Of course the Muslim Brotherhood has existed since the late 1920s. But the tidal change occured in the late 1970s with the triumph of Khomeiny’s revolution. Iranian Shiite fundamentalism displaced Arab pseudo-socialist and nationalist currents. However, one judges the despotism of the Shah of Iran, it is undeniable that Khomeiny’s ideology was “retrograde” in its emphasis on Shiism rather than on a”national” (including “citizenship”) definition of society. Compare Mohammad Mosaddegh (in Wikipedia: “author, administrator, lawyer, prominent parliamentarian, his administration introduced a range of progressive social and political reforms such as social security, rent control, and land reforms.His government’s most notable policy, however, was the nationalization of the Iranian oil industry) to “Ayatollah” Khomeiny!

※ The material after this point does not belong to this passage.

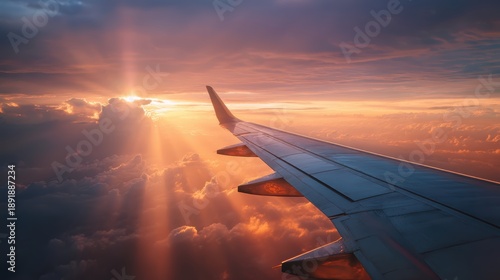 Detailed view of a wingtip with lights set against a beautiful sky, illustrating themes of aviation and pilot education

Last (“but not least”, unfortunately!), U.S. officials and analysts alike tend to ignore the role played by U.S. policies after the invasion of Iraq in 2003 in spreading the Sunnis-versus-Shias “ideology”. U.S. officials and analysts mostly tended to define Iraqi politics in terms of (oppressed) Shias (and Kurds) versus (pro-Saddam) Sunnis. This was reflected in the extravagant estimates of the percentage of Shias in Iraq: from the usually accepted figure of 60 percent (used by the late Hanna Batatu in his excellent studies on Iraq), Iraq’s shiites seemed to grow up to 70 and, recently, to 80 percent of Iraq’s population. Based on what population census? Iraq, like every other Arab country since the 1940s, never undertook any population census. It seems only fair to conclude that the 70 and 80 percent estimates of Iraqi Shiites suffer from an “ideological bias”.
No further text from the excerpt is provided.